To wit, there seems to be some ignorant, maybe arrogant or otherwise, animosity against the Madison County Sheriff’s Office or Sheriff Weaver himself; the latest being a move to cut or diminish funding. Well folks, when “our deputies,” and like it or not they’re our own, move to another job, consider the following because the sheriff is responsible for more than “pushing prisoners” and serving court orders.
When the U.S. 29-Route 230 traffic light is out due to a power failure and its pouring down rain, do you expect to see (and this is nothing against Eddie) Eddie
Dean out there directing traffic? No. It’ll be a deputy in a raincoat.
When there’s a tree down on Route 662 at midnight who do you call, Dr. Jimmy Smith, D.D.S.? No, it’ll be a deputy in a patrol car who shows up with a flare and a cone.
If there’s three (locally reared) bullies throwing rocks at your kid in Etlan, guess who’ll be the first to show up to run the bullies off? If there’s three black cows out on Blue Ridge Turnpike at 11 p.m., who’ll get there first? It sure won’t be the mayor of Madison.
If there is a “borderline citizen,” and this is going to happen sooner than later, robbing the 7-Eleven because he can’t afford gasoline anymore, who’ll be there to lay his life on the line? You got it, a sheriff’s deputy!
Let’s say a Northern Virginia thug is pushing “coke” in the Madison County High School parking lot.
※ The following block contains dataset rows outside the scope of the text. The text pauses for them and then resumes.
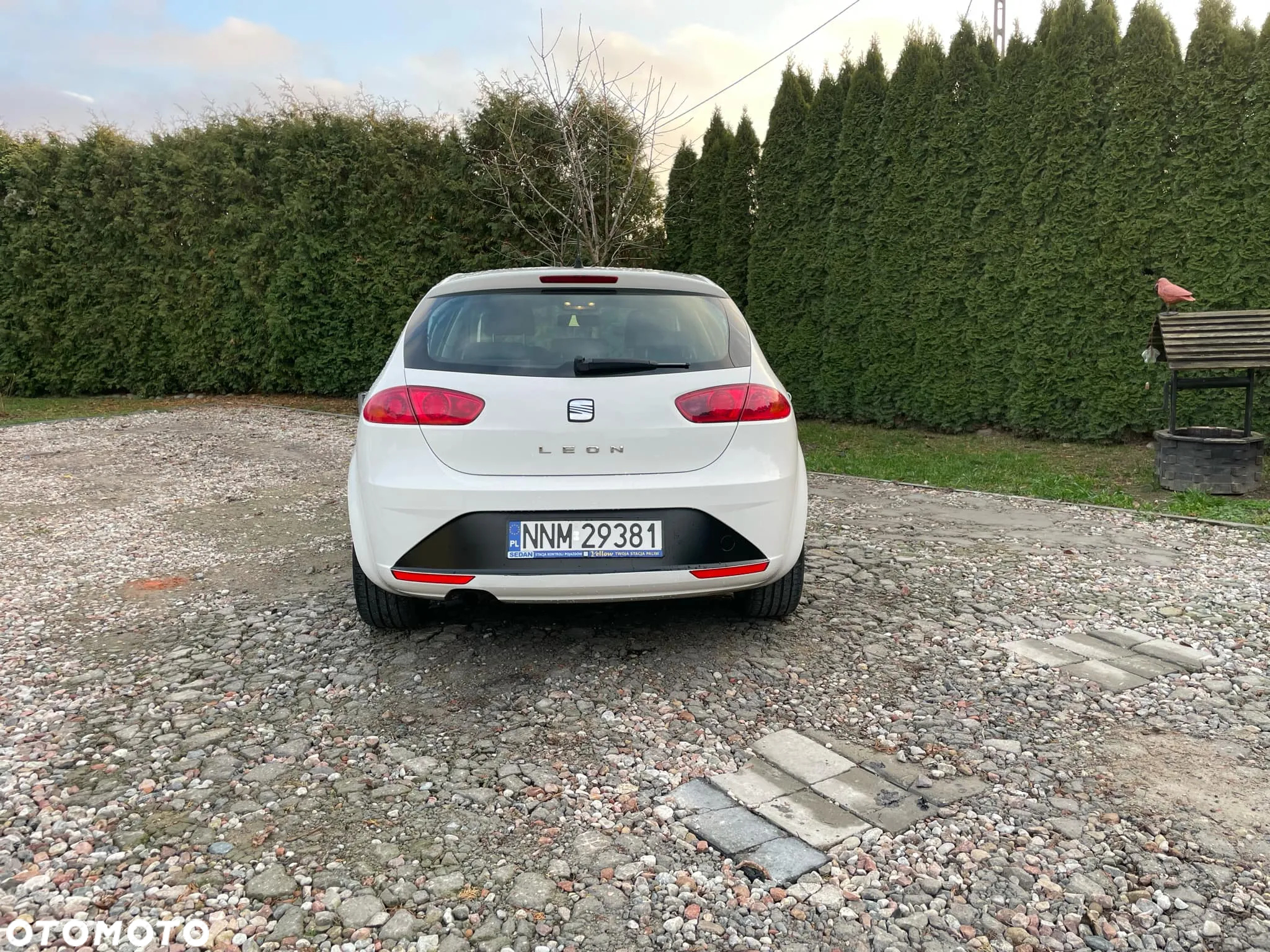Seat Leon 1.6 TDI DPF Sport - 3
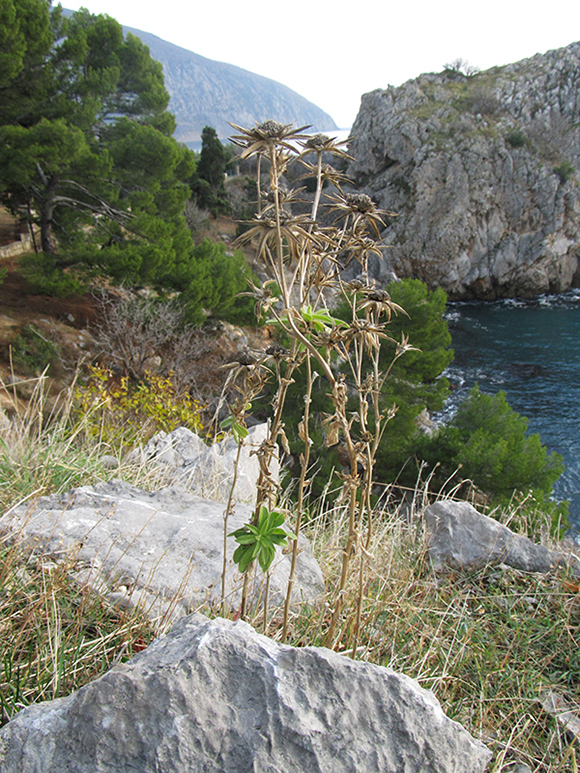 Изображение особи Pallenis spinosa.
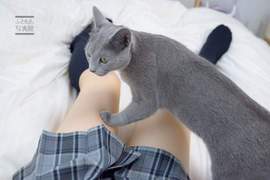 疑因受輿論壓力《大腿寫真展緊急喊停》讓人聯想到未成年性暗示? 疑因受輿論壓力《大腿寫真展緊急喊停》讓人聯想到未成年性暗示?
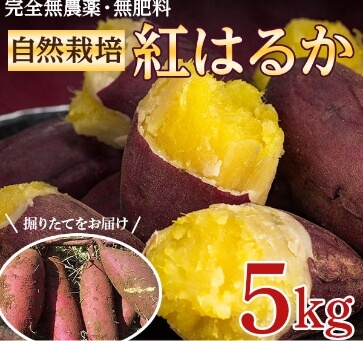 さつまいも（紅はるか）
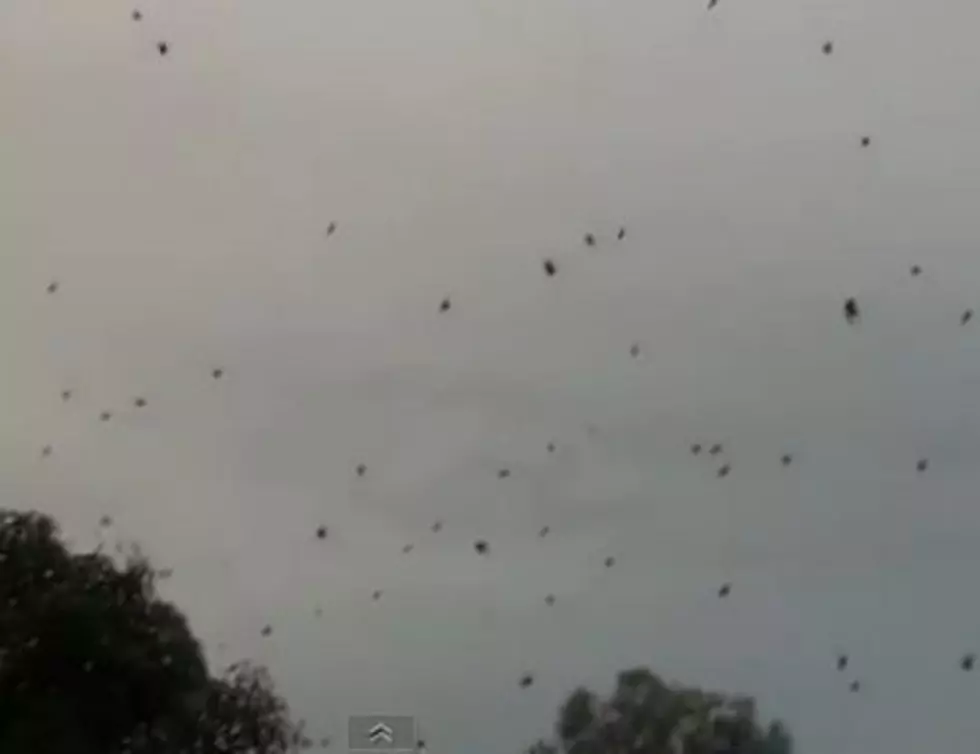 It&#8217;s Raining Spiders in Brazil &#8211; Check Out This Crazy Video!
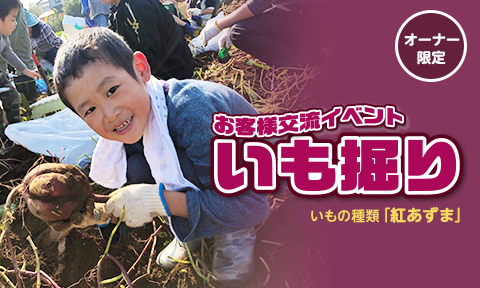 いも掘り
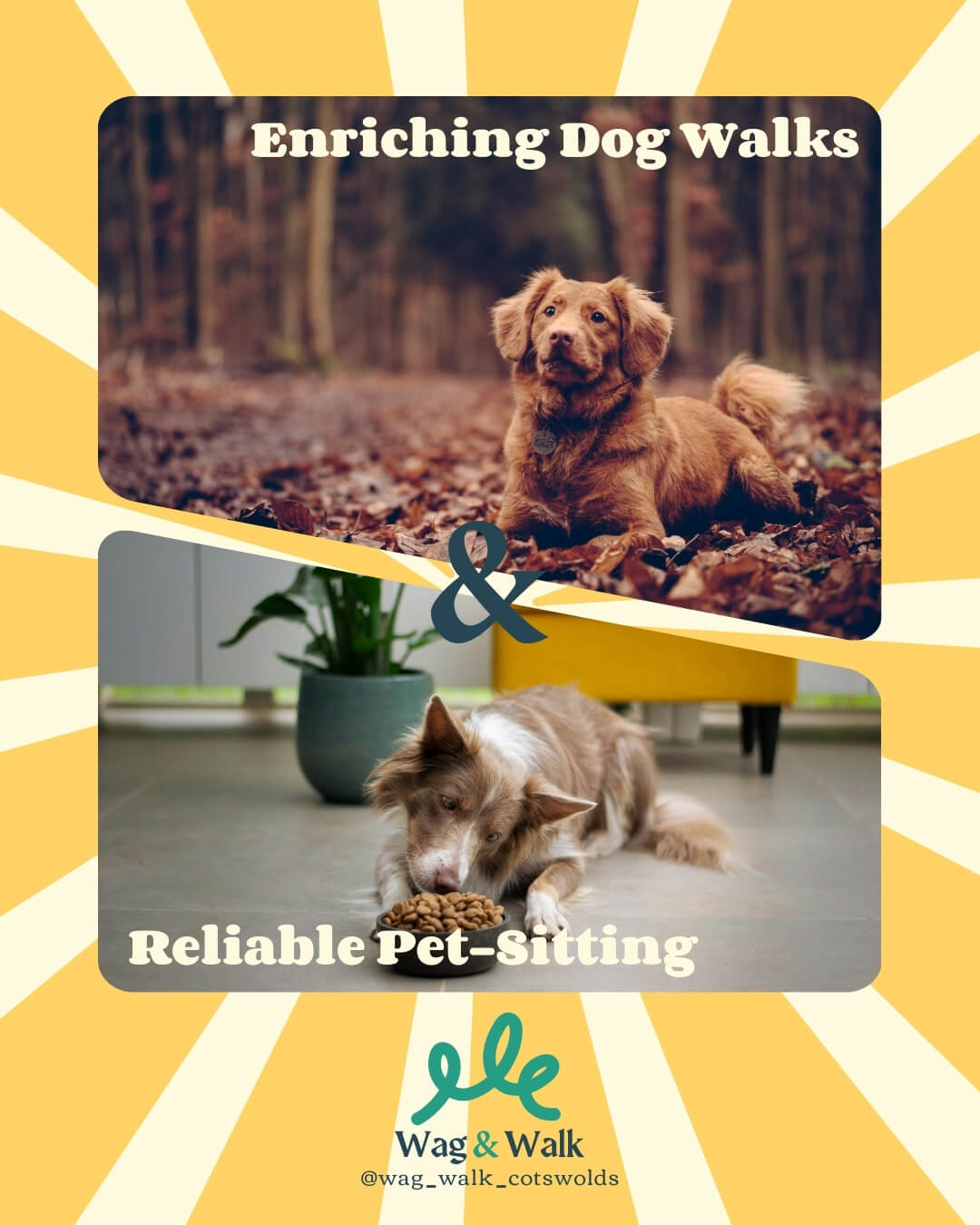 Social media graphic for dog walking service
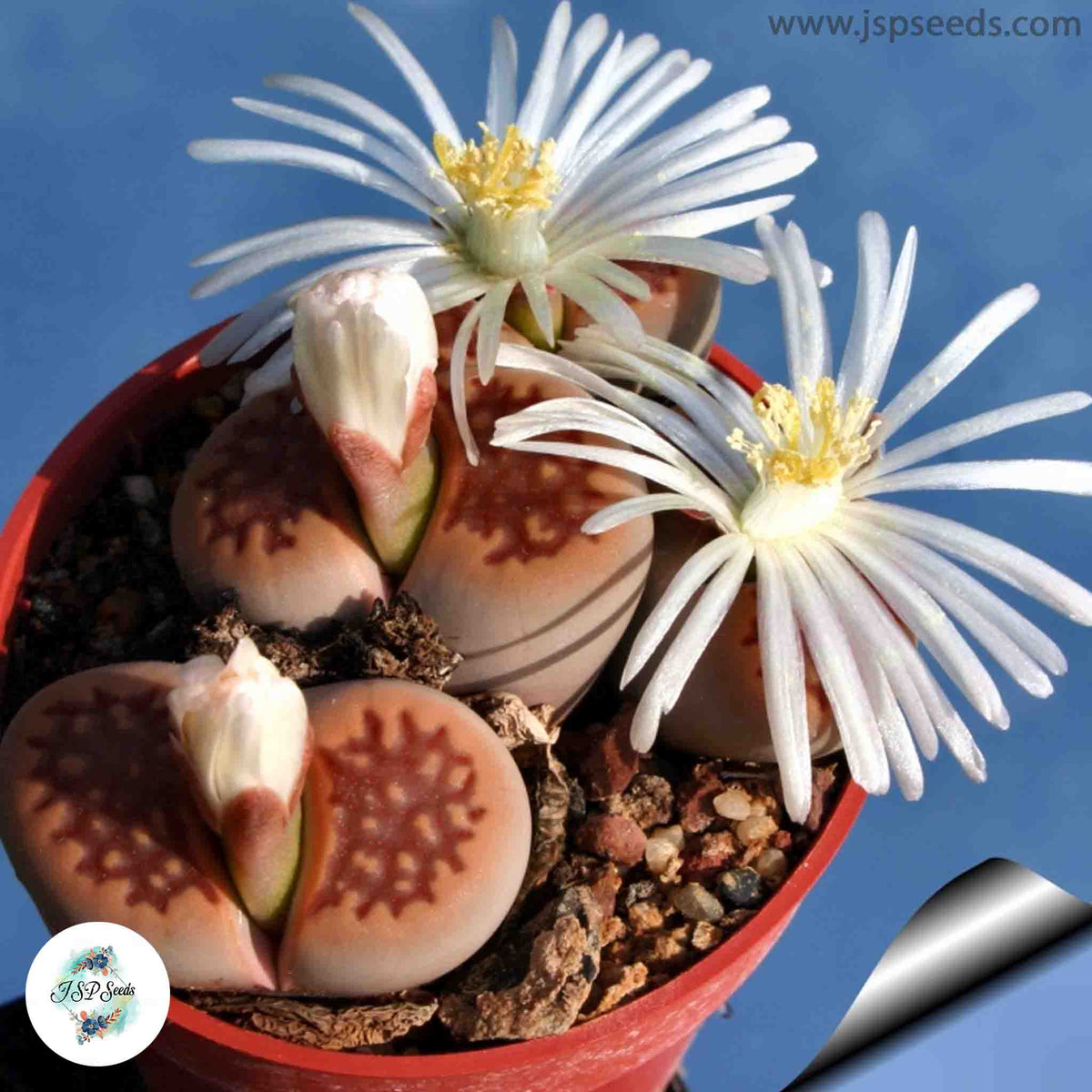 Lithops hallii v ochracea C059 / 40 seeds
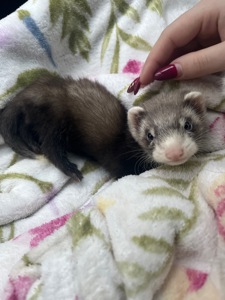 Неймовірний тхорик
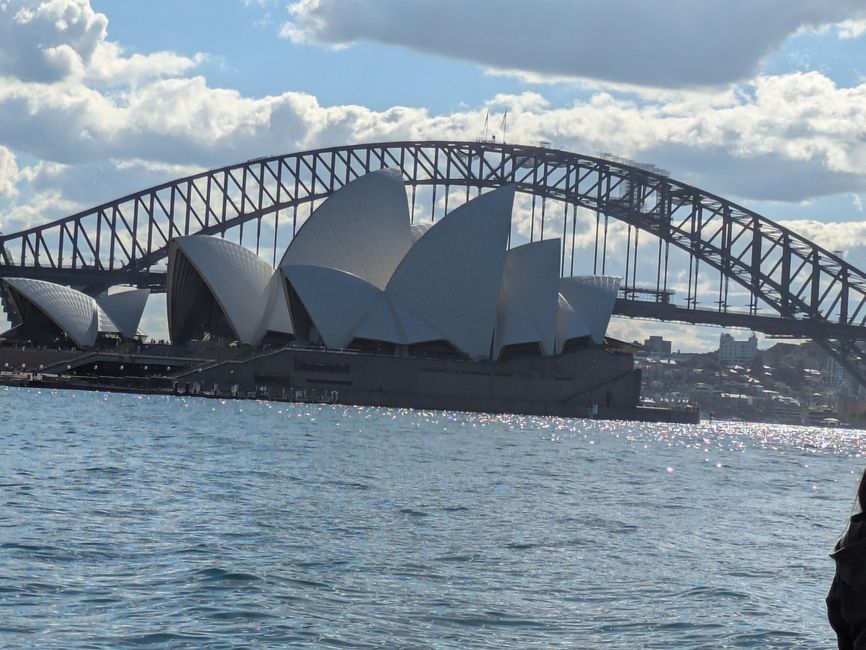 Unsere besten und wahrscheinlich auch einzigen 3 1/2 Tage in Sydney 🌏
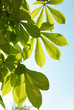 Green leaves of chestnut.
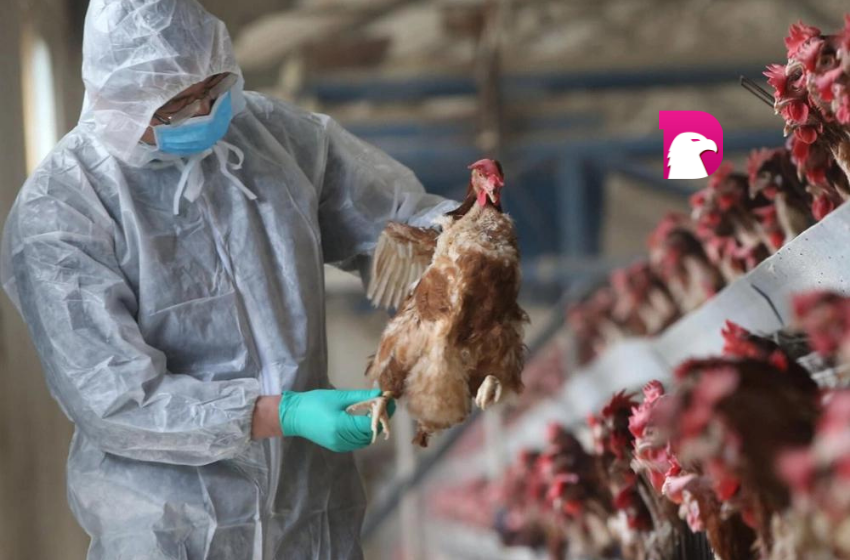  China detecta el primer caso de gripe aviar H3N8 en humanos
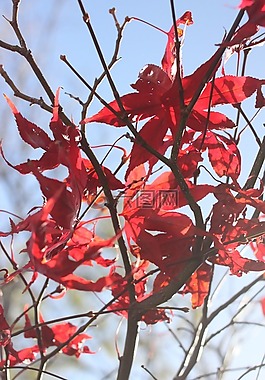 宏碁,葉子,樹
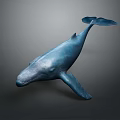 Blue Whale Majestic Aquatic Animal With Blue Coloration Graceful Swimming Posture Isolated On Gray Background
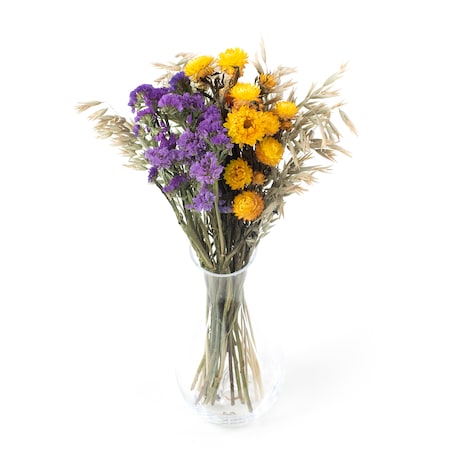 Zestaw suszonych kwiatów Autunno roz. S - zatrwian, kocanka, owies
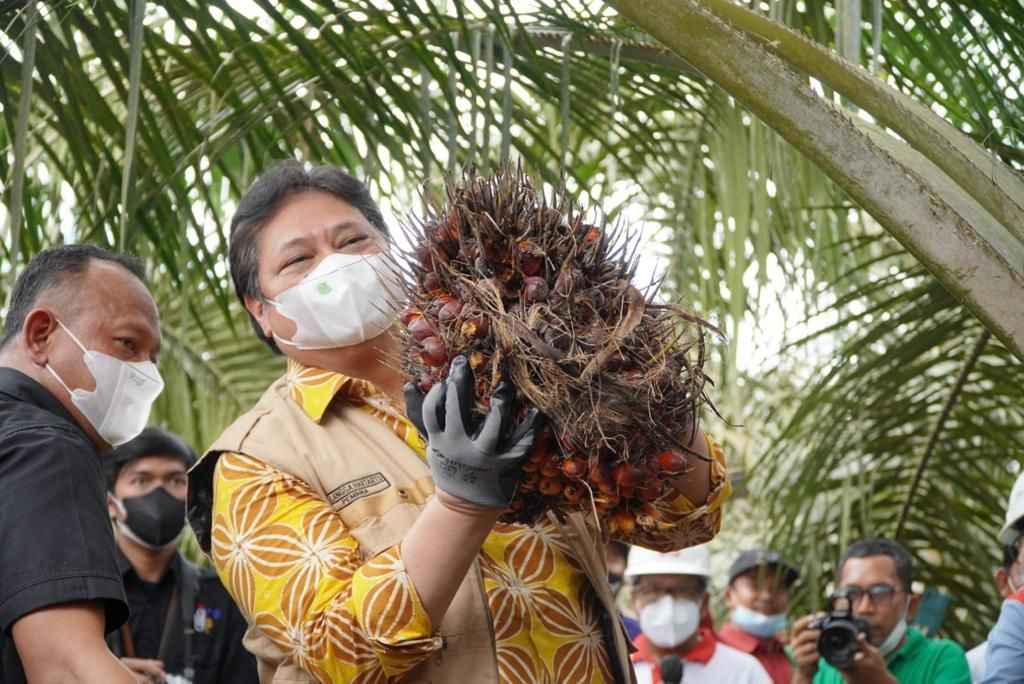 Usung Lima Tuntutan, Esok Para Petani Sawit Demo di Depan Kantor Airlangga Hartarto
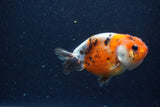 Juvenile Ranchu  Calico 3.5 Inch (ID#1220R9b-53) Free2Day SHIPPING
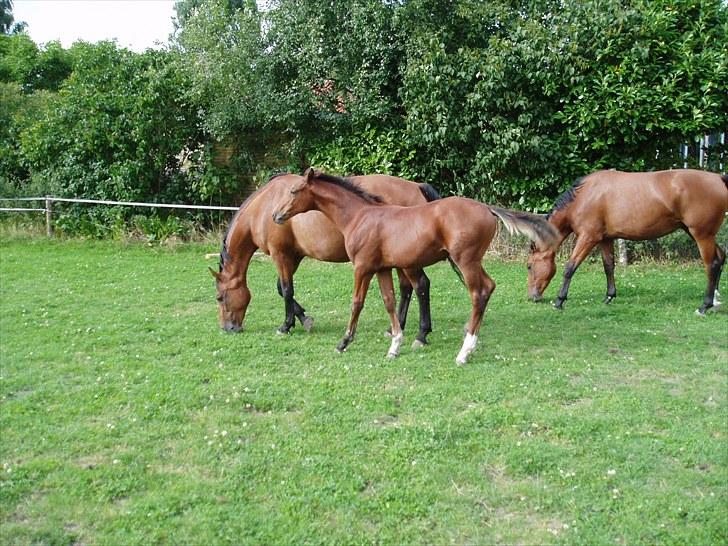 Dansk Varmblod Amanda - Amanda Med Lancelot og Chili billede 5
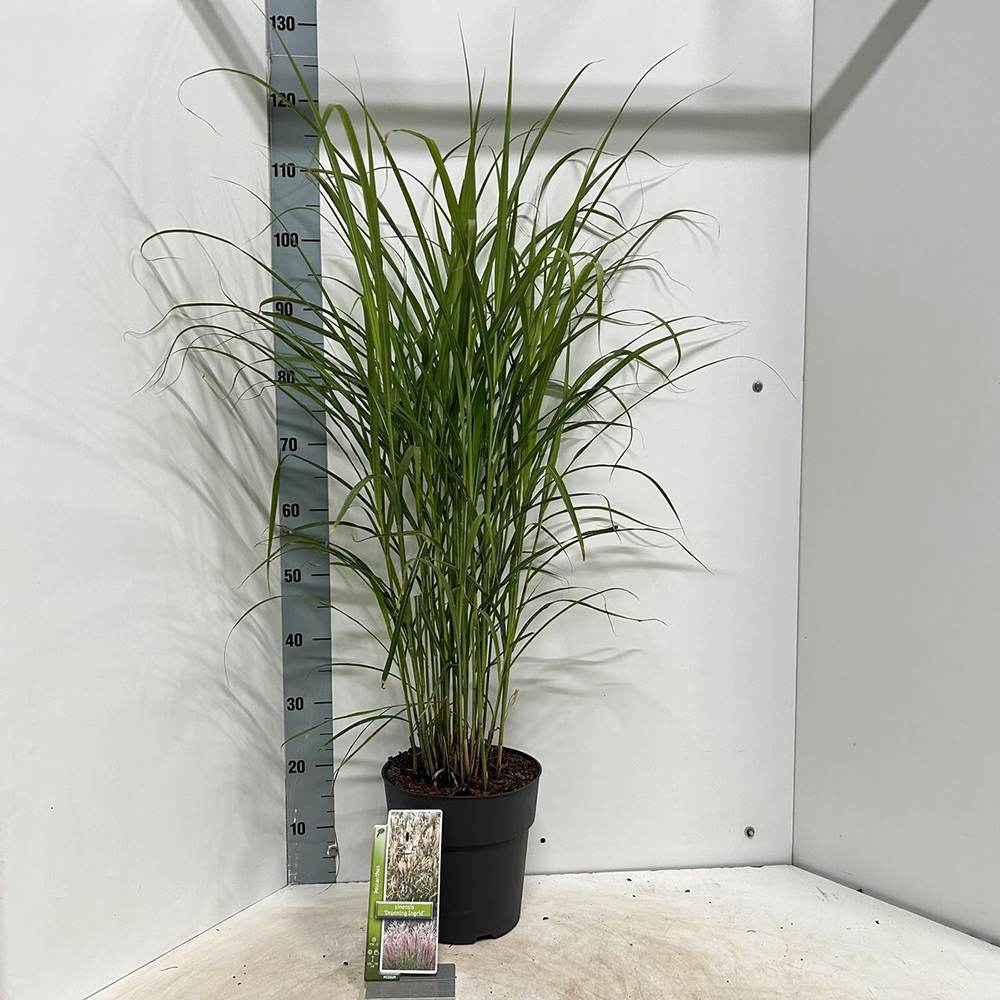 Iarba Elefantului (Miscanthus Sinensis) Dronning Ingrid, iarba ornamentala cu spice albe si frunzis rosiatic toamna, crestere rapida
Who’s the first responder going to be? Of course, the resource officer, a deputy sheriff. Is a-n-y-b-o-d-y getting my drift?
I could write much more but suffice it to say, “Wake up folks, and smell the coffee,” because times are going to get a lot worse. Put plainly and simply, we need the sheriff’s office not just fully funded but also to have a “rainy day” fund (like maybe gasoline for a starter), because we have many, many rainy days coming!